Saturday, December 10, 2005
The Advent Prayer trail was open from 4.00 till 6.00 every evening last week, and because of the large number of tea lights, fairy lights and lights of all kinds, it seemed a good plan to be there curating a bit more than I had done with "Into the Wilderness". For the first hour each evening, the church was empty and silent (apart, that is, from the rather scrummy Dunstable Motets I'd chosen to accompany the trail) and I'd wonder what on earth had possessed me to commit myself to just sitting there, taking up 10 hours in a busy week.
But then, each evening, someone appeared.
On Monday and Tuesday it was the people I'd expected. Those whom I knew would enjoy this sort of unhurried, interactive worship. Friends and like-minded members of the congregation. They simply needed a quick reminder to follow the footprints, and were off on their way.

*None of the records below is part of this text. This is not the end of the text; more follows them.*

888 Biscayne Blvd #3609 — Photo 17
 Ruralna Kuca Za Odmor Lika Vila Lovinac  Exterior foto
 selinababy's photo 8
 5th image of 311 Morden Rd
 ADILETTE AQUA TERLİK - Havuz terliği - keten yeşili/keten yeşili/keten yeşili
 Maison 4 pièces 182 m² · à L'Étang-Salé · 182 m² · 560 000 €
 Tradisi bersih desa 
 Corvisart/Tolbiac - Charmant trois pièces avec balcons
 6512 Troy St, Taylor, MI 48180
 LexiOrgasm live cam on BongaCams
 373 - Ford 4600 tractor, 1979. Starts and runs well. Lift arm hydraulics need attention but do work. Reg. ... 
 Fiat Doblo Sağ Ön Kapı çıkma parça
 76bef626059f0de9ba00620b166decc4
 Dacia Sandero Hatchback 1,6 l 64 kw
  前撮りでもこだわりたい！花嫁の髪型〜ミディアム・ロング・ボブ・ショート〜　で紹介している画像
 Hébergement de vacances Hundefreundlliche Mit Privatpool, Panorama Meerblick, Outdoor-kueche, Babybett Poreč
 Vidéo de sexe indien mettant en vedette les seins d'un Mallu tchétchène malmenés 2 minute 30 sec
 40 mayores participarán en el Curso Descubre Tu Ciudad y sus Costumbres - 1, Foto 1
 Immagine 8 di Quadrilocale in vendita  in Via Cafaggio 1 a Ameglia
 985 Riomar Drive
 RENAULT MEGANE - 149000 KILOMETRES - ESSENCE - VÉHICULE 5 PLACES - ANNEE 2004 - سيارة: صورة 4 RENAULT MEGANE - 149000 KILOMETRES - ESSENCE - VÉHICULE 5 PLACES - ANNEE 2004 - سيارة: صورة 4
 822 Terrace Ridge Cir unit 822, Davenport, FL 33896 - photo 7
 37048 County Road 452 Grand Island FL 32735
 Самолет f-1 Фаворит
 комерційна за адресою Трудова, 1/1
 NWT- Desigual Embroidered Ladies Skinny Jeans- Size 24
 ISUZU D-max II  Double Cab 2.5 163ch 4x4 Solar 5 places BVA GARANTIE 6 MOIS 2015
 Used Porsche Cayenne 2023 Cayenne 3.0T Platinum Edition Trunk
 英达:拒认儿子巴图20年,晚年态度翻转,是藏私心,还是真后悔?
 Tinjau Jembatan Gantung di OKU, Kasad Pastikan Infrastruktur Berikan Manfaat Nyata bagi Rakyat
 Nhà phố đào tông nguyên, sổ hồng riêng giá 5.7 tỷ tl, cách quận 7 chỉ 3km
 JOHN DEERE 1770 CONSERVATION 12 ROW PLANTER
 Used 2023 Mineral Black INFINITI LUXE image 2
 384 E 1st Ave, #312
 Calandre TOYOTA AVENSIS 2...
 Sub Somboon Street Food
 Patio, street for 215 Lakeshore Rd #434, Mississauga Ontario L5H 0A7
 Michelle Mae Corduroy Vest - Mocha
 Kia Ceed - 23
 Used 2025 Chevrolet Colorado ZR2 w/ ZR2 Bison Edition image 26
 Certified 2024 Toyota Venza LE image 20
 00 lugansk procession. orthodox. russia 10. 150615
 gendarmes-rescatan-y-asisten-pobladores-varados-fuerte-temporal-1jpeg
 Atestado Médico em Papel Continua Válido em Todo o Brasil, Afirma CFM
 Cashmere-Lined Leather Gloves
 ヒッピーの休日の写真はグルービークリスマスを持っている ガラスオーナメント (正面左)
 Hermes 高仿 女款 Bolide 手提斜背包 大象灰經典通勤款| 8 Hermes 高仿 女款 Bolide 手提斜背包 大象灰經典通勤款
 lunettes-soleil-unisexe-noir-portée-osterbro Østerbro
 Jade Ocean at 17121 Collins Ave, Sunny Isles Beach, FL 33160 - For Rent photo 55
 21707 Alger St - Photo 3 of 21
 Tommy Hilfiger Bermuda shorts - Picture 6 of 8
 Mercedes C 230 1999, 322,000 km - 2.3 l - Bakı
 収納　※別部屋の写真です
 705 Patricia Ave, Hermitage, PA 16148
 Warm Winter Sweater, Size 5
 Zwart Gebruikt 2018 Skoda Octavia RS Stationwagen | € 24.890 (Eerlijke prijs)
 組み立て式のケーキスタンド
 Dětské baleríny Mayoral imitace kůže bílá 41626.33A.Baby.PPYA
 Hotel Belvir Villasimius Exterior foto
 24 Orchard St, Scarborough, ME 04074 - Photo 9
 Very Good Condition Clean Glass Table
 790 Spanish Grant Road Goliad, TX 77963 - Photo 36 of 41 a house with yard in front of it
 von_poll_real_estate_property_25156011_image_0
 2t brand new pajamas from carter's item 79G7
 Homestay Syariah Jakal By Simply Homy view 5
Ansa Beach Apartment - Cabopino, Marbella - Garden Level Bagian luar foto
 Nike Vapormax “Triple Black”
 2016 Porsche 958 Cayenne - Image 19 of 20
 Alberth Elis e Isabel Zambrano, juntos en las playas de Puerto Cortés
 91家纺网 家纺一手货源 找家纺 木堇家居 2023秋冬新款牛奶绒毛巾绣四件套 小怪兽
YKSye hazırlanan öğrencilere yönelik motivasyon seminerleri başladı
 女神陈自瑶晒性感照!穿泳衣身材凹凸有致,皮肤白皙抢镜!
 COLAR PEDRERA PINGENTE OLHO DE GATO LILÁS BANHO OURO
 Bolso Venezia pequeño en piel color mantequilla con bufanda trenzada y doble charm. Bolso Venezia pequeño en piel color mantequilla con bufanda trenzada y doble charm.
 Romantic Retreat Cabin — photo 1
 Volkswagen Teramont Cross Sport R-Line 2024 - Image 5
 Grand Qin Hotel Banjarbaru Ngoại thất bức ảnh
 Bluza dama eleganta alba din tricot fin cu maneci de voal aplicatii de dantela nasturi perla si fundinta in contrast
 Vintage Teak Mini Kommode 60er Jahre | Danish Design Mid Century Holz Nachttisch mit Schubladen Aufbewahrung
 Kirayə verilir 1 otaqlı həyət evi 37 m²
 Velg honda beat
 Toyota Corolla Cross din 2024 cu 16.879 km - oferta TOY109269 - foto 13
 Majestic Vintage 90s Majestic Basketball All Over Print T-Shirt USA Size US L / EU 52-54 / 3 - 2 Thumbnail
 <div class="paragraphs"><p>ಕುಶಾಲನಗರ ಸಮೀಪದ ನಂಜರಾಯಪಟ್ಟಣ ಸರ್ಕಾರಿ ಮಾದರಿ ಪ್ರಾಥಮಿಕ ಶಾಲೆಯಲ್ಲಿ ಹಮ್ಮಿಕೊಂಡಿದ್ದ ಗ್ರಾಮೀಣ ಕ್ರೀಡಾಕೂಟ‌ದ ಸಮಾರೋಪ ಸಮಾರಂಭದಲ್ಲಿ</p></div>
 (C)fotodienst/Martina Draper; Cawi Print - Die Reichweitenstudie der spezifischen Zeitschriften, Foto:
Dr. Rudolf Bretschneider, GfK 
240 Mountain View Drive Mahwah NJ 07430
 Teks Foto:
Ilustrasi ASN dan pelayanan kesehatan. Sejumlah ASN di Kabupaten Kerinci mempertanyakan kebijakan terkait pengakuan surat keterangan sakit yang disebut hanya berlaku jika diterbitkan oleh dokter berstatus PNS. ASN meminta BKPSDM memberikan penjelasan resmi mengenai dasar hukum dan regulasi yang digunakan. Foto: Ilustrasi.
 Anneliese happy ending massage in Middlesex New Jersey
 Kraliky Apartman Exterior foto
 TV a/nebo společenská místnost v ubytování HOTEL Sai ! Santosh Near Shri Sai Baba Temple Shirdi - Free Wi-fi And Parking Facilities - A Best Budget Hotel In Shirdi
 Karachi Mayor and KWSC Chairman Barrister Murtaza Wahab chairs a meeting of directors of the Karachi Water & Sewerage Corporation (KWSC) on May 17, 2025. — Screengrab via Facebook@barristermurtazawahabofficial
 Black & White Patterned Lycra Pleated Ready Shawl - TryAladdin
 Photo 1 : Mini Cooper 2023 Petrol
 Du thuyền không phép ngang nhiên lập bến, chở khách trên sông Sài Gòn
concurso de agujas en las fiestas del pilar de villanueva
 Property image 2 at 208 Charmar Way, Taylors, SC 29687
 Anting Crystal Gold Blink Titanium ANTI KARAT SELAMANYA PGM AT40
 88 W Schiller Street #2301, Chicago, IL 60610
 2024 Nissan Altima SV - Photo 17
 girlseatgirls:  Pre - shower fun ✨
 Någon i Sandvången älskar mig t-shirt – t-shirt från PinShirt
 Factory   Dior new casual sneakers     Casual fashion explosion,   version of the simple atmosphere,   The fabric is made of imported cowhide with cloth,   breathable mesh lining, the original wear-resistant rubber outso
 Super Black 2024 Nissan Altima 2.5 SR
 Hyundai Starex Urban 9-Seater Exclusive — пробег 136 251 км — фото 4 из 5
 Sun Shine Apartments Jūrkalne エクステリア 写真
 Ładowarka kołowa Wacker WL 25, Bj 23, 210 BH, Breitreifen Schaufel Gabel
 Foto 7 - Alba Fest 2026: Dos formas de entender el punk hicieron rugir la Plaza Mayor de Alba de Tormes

Thursday,though, was very different. First came a Little Fishes mum and her toddler, who stood engrossed making heart after heart at the plasteceine station, while his mum continued the trail peacefully. It felt as if we'd managed to give her a small oasis where she might not have expected one...Then came someone who is very much part of Ch K life, but not a member of the church. He'd seen that something was going on, and put his head round the door to find out more....not, he stressed, to do the trail, because that would be hypocritical of him.
He didn't "do" God.
Maybe not, but there was so much of God in the extended conversation that we had about what gives value to our lives, our hopes and longings for ourselves, for the world, for those we love.
He told me about the pleasure he derived from the acts of practical service he carries out in our community...and I felt he was showing me holy ground.
He was followed by a lady who has recently joined the congregation, and appeared at our Daily Prayer in Advent several times.She came, she said, because she had no idea what a prayer trail might be, and was rather disconcerted to find that there was no set verbal formula for her to pray aloud. However, she gamely set off, and returned to walk the trail once more the following day.
When the time came for Evening Prayer last night, people emerged from all corners of the church, and I was privileged to hear some of their stories as we sat in the chapel, beneath the bare tree that has confounded the season by bursting into prayerful leaf and life.